Note that the actual class value (5 th^ attribute) of a given test instance E is not used in the process of predicting the class of E. However, it is used to determine the accuracy of the model. For that, simply compare the predicted and the actual class of each test instance E. In order to derive the accuracy of the model, at the end of the second phase, divide the number of correctly classified instances in the test set by 50 (the number of instances in the test set). All output of the second phase should be recorded in the “output2.txt” file described below.

Output of the Classification Program

As noted earlier, the output of the first phase of the “classify” program should be recorded in the output file called “output1.txt”. This file should record the 63 probabilities computed by this phase, i.e. 60 unconditional probabilities P(Vi|C) (one for each combination of the attribute, value, and class) and 3 unconditional probabilities P(C) (one for each class). The requested format of the “output1.txt” file is given in the “output1file-format.txt” included in “Project2Files.zip”.
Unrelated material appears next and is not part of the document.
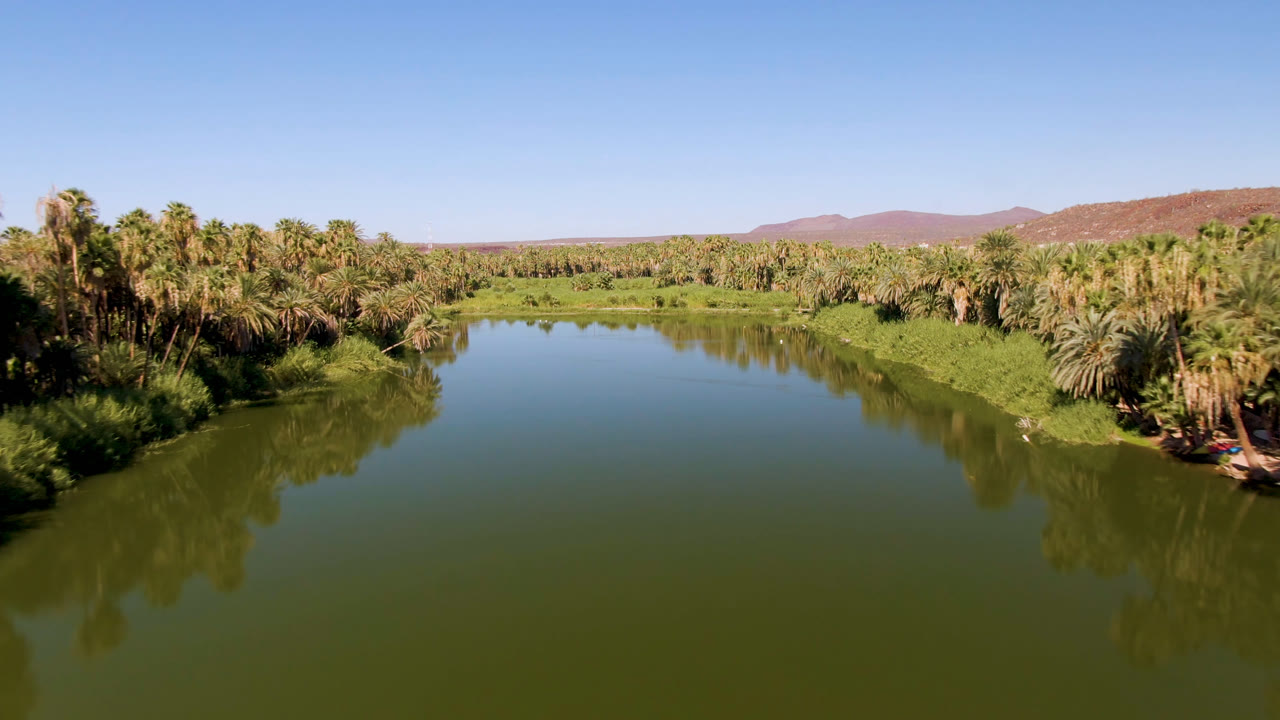 Second frame shows the San Ignacio river bend from above, with still green water, dense palms on the banks, dry hills on the horizon, and no visible people.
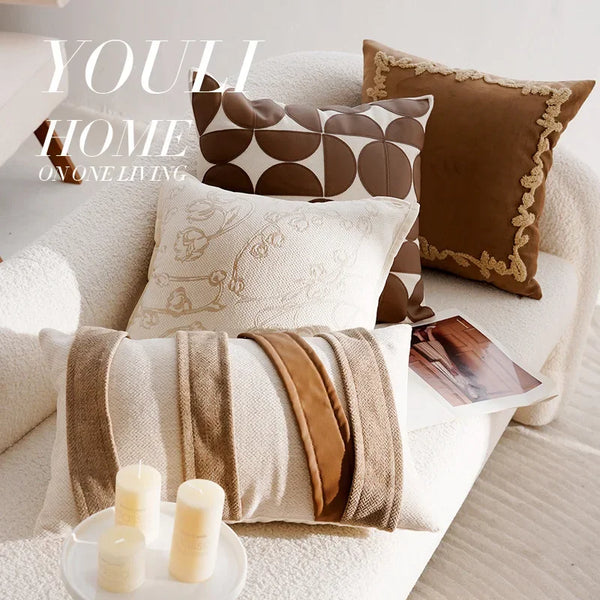 Brown French stamp decorative throw pillow cover displayed on a neutral linen sofa in a warm-toned living room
The output of the second phase of the “classify” program should be recorded in the output file called “output2.txt”. Please follow the requested format of the “output2.txt” file, which is given in the “output2file-format.txt” file included in “Project2Files.zip”. Note that for each test instance E, “output2.txt” should record: the order number of the instance (0-49), the predicted class of E (1-3), the actual class of E (1-3), as well as the computed posterior probabilities P(C|E) for each of the 3 classes C. At the end of the “output2.txt” file, record the overall accuracy of the model (number of correctly classified test instances divided by 50).